(Beginning of DATA LISTING)

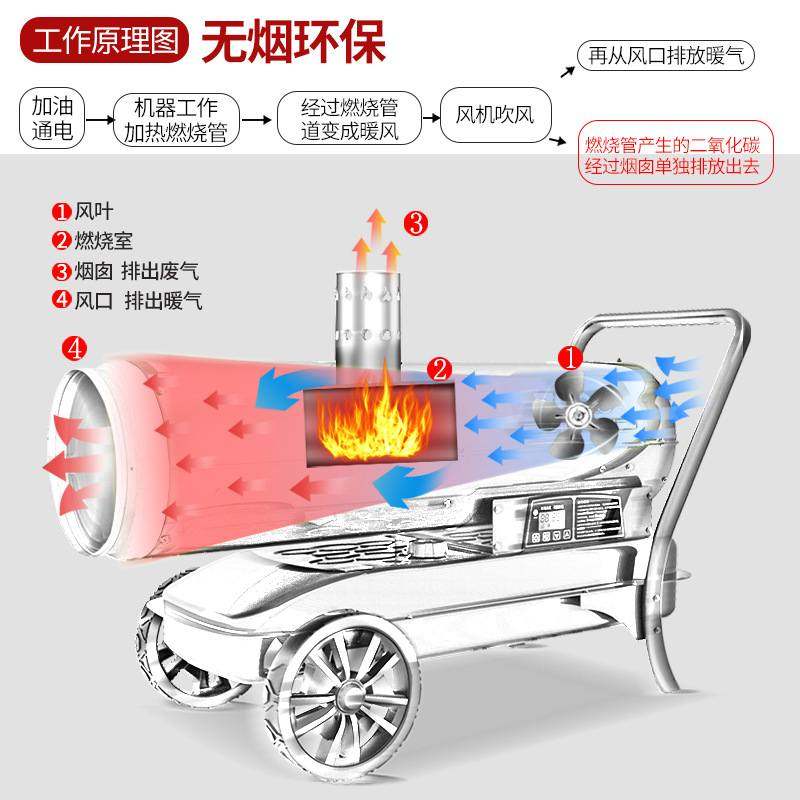 洲博燃油间燃暖风机过滤污染工业烘干热风炉养殖场育雏取暖器,淘宝优惠券,粉丝福利购,淘宝优惠卷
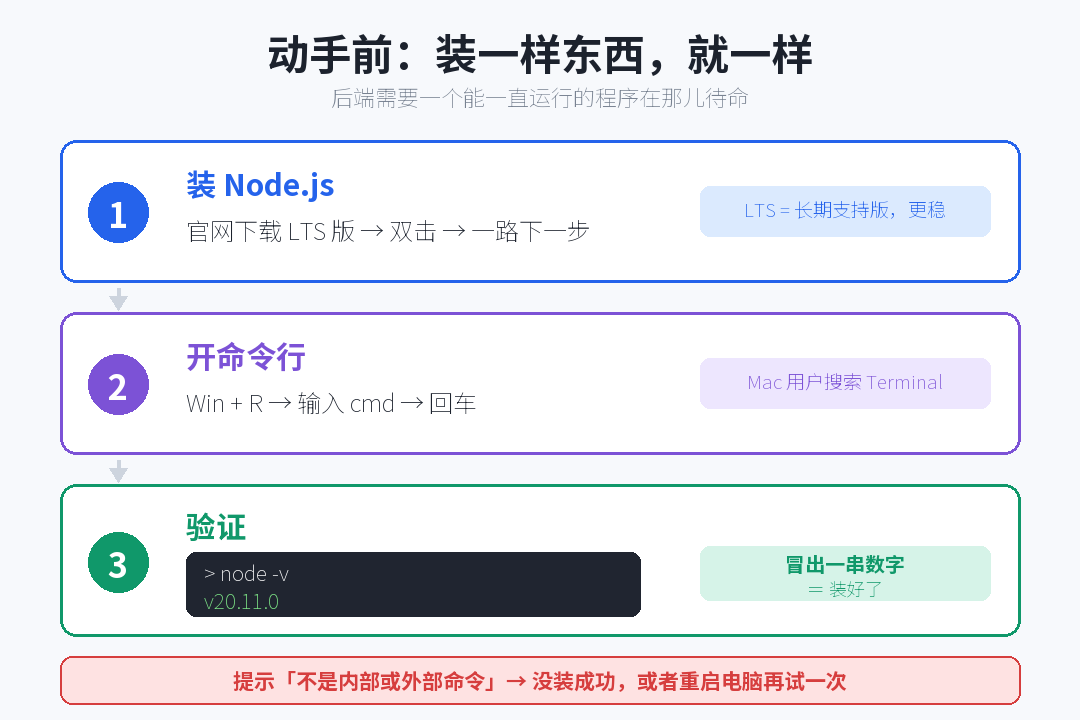 nodejs-setup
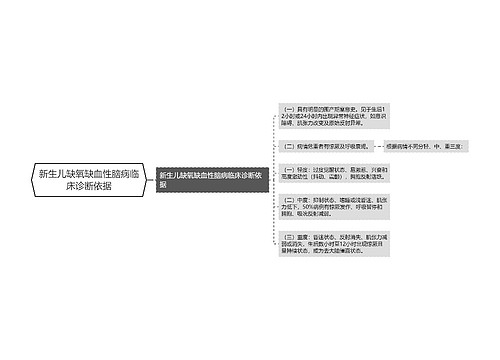 新生儿缺氧缺血性脑病临床诊断依据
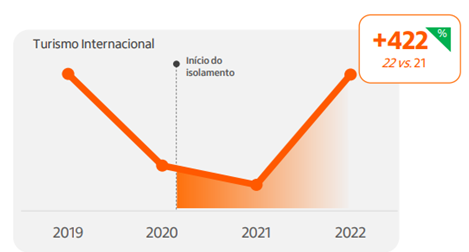 Gastos com turismo crescem 148% em 2022, apontam Itaú Unibanco e Rede unnamed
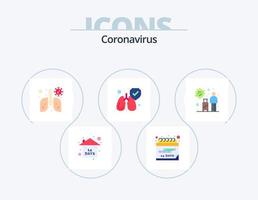 design de ícones do pacote de ícones planos de coronavírus 5. transmissão. infecção. anatomia. pulmões vetor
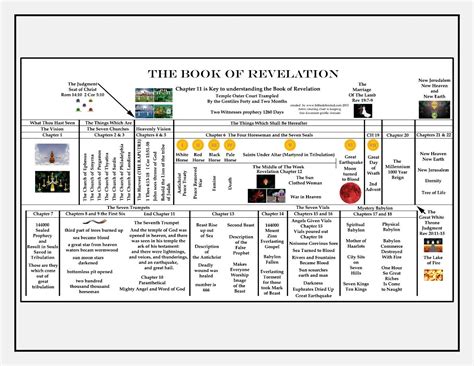 Printable Bible Study Chart: the Book of Revelation/ Major Events of ...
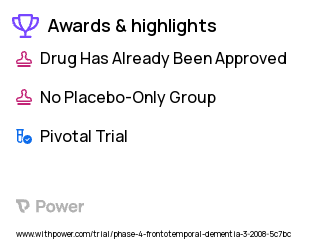 Alzheimer's Disease Clinical Trial 2023: Pittsburgh Compound B (C-11 PiB) Highlights & Side Effects. Trial Name: NCT00950430 — Phase 4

(End of DATA LISTING)

**WHAT NEEDS TO BE DONE**: Would you retype the lines from the line containing "新生儿缺氧缺血性脑病临床诊断依据" to the final line of the entries above, exactly as given and without pictures?

**TASK SOLUTION**:
 新生儿缺氧缺血性脑病临床诊断依据
 Gastos com turismo crescem 148% em 2022, apontam Itaú Unibanco e Rede unnamed
 design de ícones do pacote de ícones planos de coronavírus 5. transmissão. infecção. anatomia. pulmões vetor
 Printable Bible Study Chart: the Book of Revelation/ Major Events of ...
 Alzheimer's Disease Clinical Trial 2023: Pittsburgh Compound B (C-11 PiB) Highlights & Side Effects. Trial Name: NCT00950430 — Phase 4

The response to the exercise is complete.